**Action item**
Pictures in the listing do not belong in the copy, which should repeat exactly the lines from the one holding "Miscelatore Monoforo Ottone" through the last line.

**Input records**

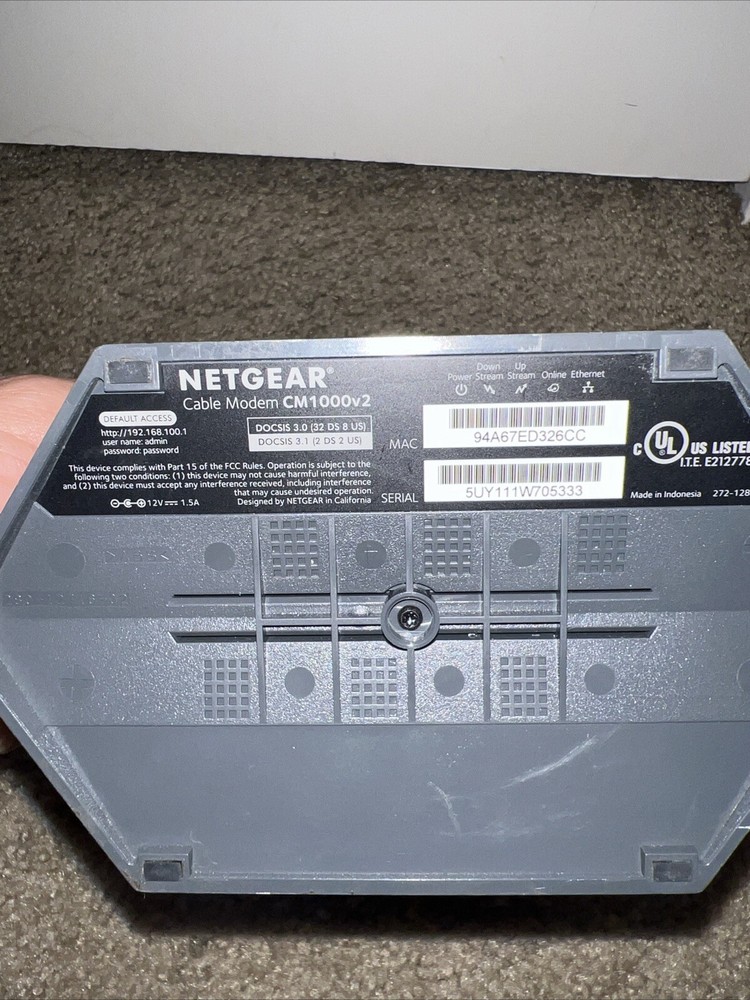 NETGEAR Nighthawk CM1000V2 DOCSIS 3.1 Cable Modem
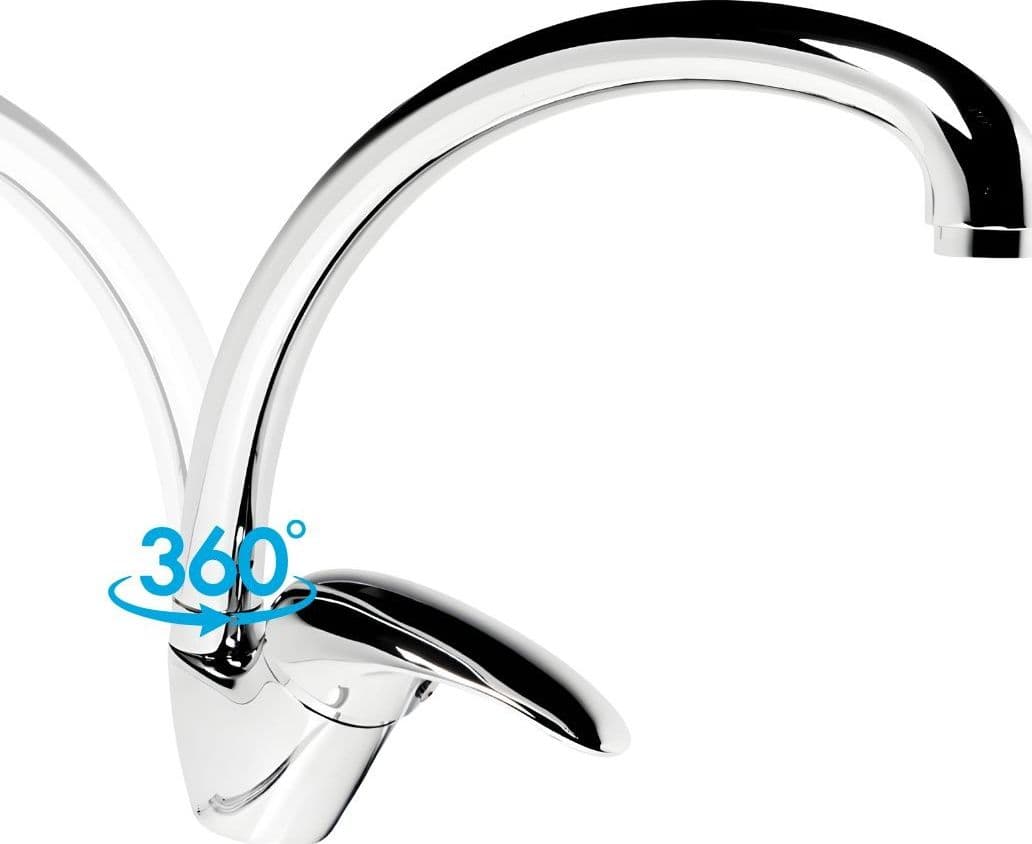 Miscelatore Monoforo Ottone per Lavello Cucina Maiorca Erogazione Orientabile - 5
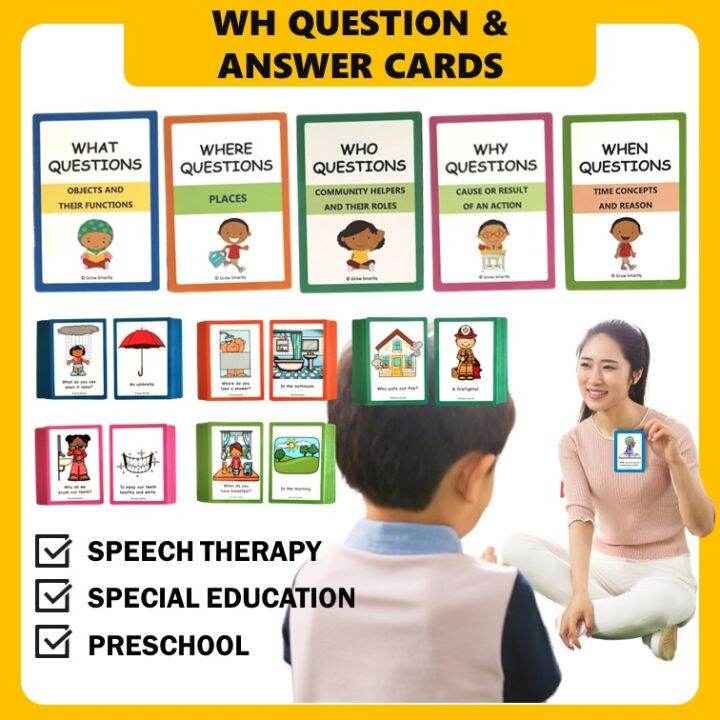WH Questions Flash Card for Speech for Speech Delay What When Where Who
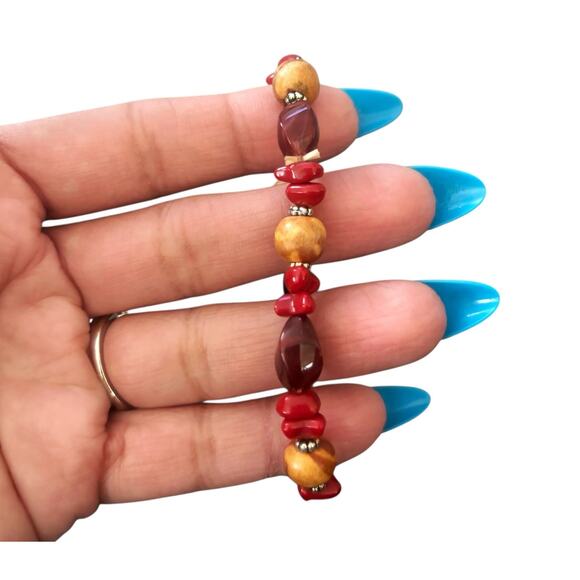 Vintage Red/Orange Beaded Bracelets Fashion Costume Jewelry Set of 2 - Picture 6 of 7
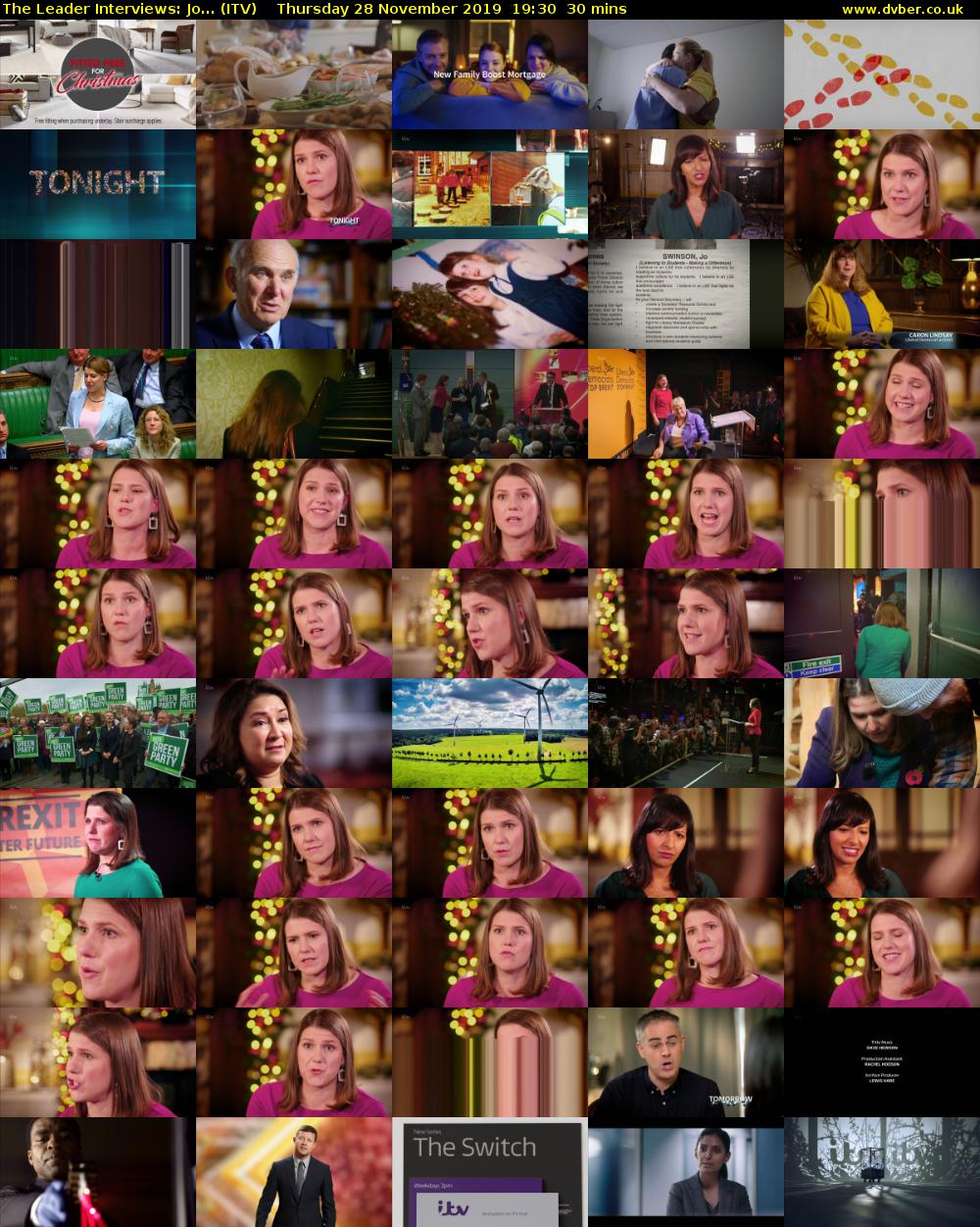 The Leader Interviews: Jo... (ITV) Thursday 28 November 2019 19:30 - 20:00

**Answer area**
 Miscelatore Monoforo Ottone per Lavello Cucina Maiorca Erogazione Orientabile - 5
WH Questions Flash Card for Speech for Speech Delay What When Where Who
 Vintage Red/Orange Beaded Bracelets Fashion Costume Jewelry Set of 2 - Picture 6 of 7
 The Leader Interviews: Jo... (ITV) Thursday 28 November 2019 19:30 - 20:00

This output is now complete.